Q: How should be a DBA prepared for R support in SQL2016? What all should they know?
- Reduce the memory for SQL Server – you need to leave more memory on the server for R than you usually would because R is a memory hog. You’ll need to experiment with this to find the right balance.
- Troubleshooting performance is challenging. Do analysis in R Studio (or IDE of choice) before moving code to SQL Server.
- Be aware that a lot of Windows users get created on the server in order for R to run – don’t worry about it.
Q: How is data analytics on SAS different from R support for SQL2016?
A: I’ve not used SAS (although I did go to their campus to teach MDX to their engineers once upon a time… beautiful campus!), so I can’t say with any specificity. SAS also has multiple products so it would be difficult to describe differences. In general – and please understand there may be something new in SAS that I don’t know about – I think the difference is that R in SQL 2016 allows you to run functions on data inside the database, thereby leveraging database resources and also server resources for parallelization. I’d love to get input from readers to expand on this topic.
Q: Recommend any good books/blogs/courses to get into data analytics? I’m a DBA wanting to see if data science is for me. Thanks!
A: There are so many options these days that it’s difficult to narrow down, but a good blog that I would start with is Buck Woody’s Backyard Data Science https://buckwoody.wordpress.com. I particularly like the book Charles Wheelan’s Naked Statistics for some great explanations of statistical concepts.
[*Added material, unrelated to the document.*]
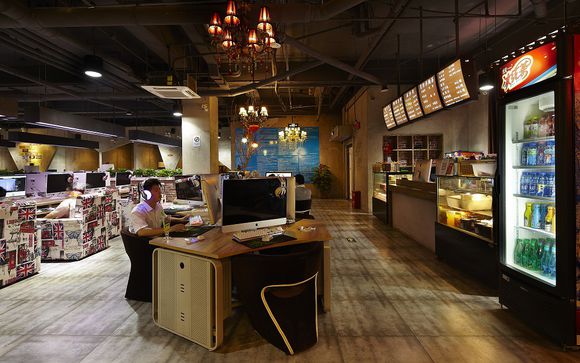 極光網(wǎng)咖桌椅裝修效果圖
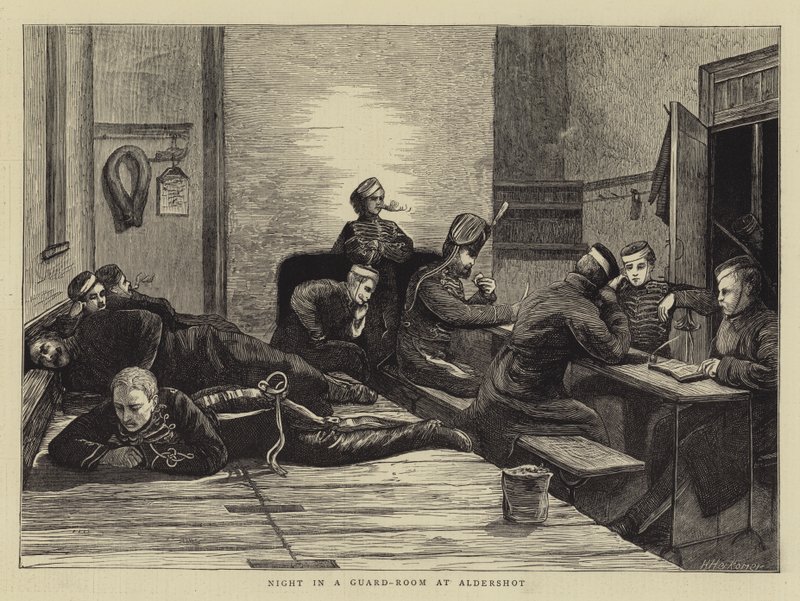 Notte in una guardia ad Aldershot da Hubert von Herkomer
For courses, you can find a lot of free content at Coursera and EdX. Many of these are meaty courses – not fluffy, but you can poke around a bit to see what they cover and see if anything sparks your interest. Because the courses are free, you don’t have to stay committed if you find that it isnt’ for you. And Microsoft recently announced the Microsoft Professional Degree in Data Science. You can sign up here to be notified when the program opens.
Q: Data mining has only been available in SSAS multidimensional cubes, and not Tabular models – not sure if I missed it, but will data mining become available in Tabular model?
A: I doubt that it would ever be, but I have no insight into the future on this point. There’s no benefit in particular to bundle data mining with Tabular when it’s already available on the same installation media. The end result is that you wind up with two instances of SSAS on a server (if you were to install both on the same server), but I can’t see that as a huge problem. If it were, then a distributed deployment would be the next option.